O médico foi condenado a 26 anos e dez meses de prisão – em regime inicial fechado. A defesa recorreu da decisão e pediu a absolvição, alegando insuficiência de provas e ausência de dolo. A representação também questionou procedimentos processuais e, de forma alternativa, solicitou a redução da pena. Os pedidos foram rejeitados.
O relator, desembargador Volcir Antônio Casal, afirmou que os crimes e a autoria ficaram comprovados. Segundo ele, os depoimentos das vítimas foram firmes e coerentes, com relatos individuais e detalhados sobre os episódios.
A defesa também sustentou que os atos poderiam ser considerados procedimentos médicos legítimos, em razão da especialização do profissional em sexologia. O argumento foi afastado pelo tribunal. Conforme o relator, o médico teria usado a autoridade da profissão e a confiança estabelecida na relação com as pacientes para dar aparência de procedimento médico a atos que, segundo a decisão, tinham finalidade sexual.
O réu foi inicialmente preso e condenado ainda em abril deste ano. Conforme o TJ-RS, o profissional cometeu os crimes entre 2011 e 2021, durante as consultas e procedimentos.

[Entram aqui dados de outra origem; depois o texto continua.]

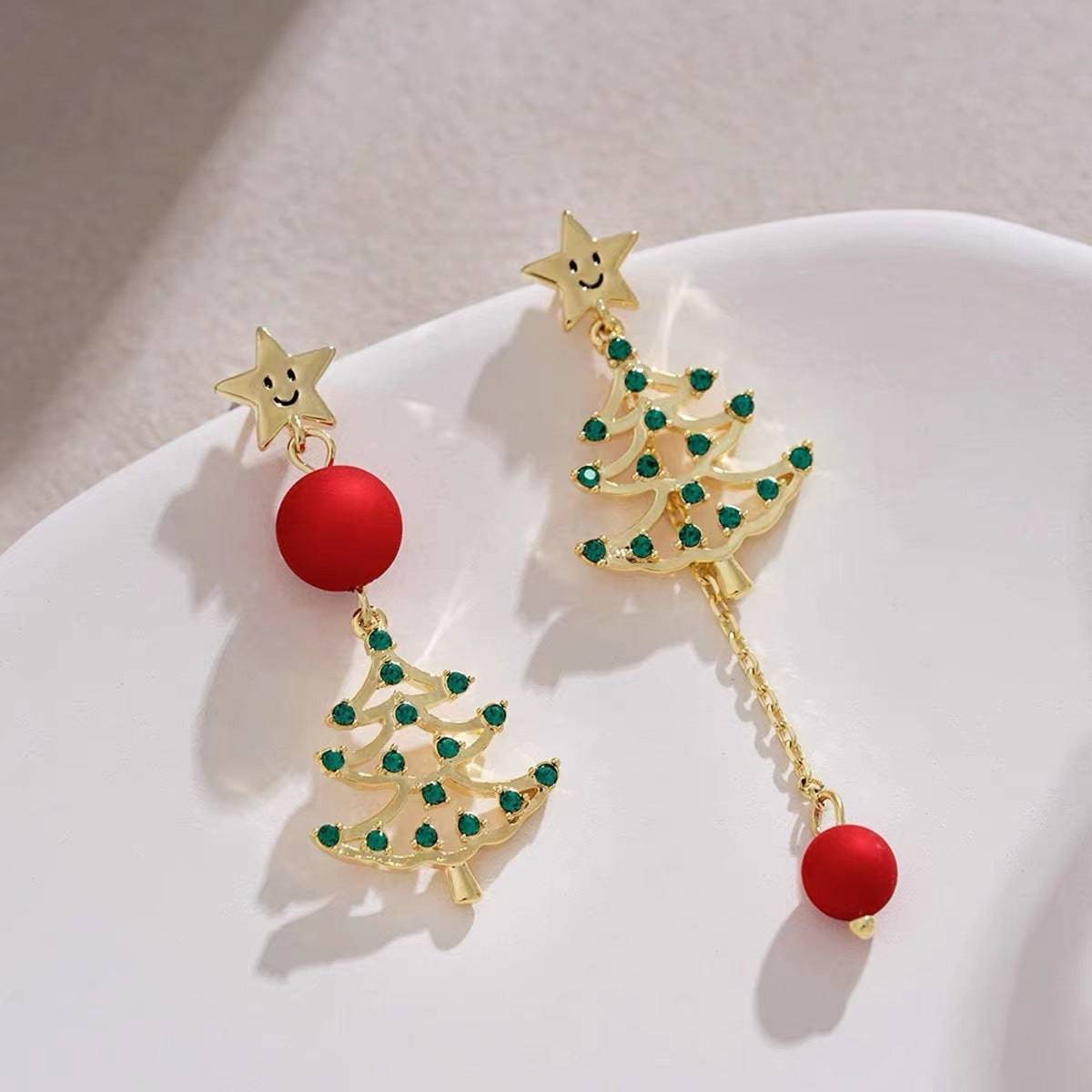 Simple Hollow-out Long Colorful Christmas Tree Tassel Earrings - YLORESHOP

O réu está proibido de clinicar e responde ao processo em liberdade provisória até o trânsito em julgado, mediante uso de tornozeleira eletrônica. A condenação também determina o pagamento de indenização por danos morais às vítimas.
A sentença de primeira instância foi proferida pelo juiz Eduardo Giovelli, da 2ª Vara Criminal da Comarca de Ijuí. Os desembargadores José Ricardo Coutinho Silva e Luiz Mello Guimarães acompanharam o voto do relator.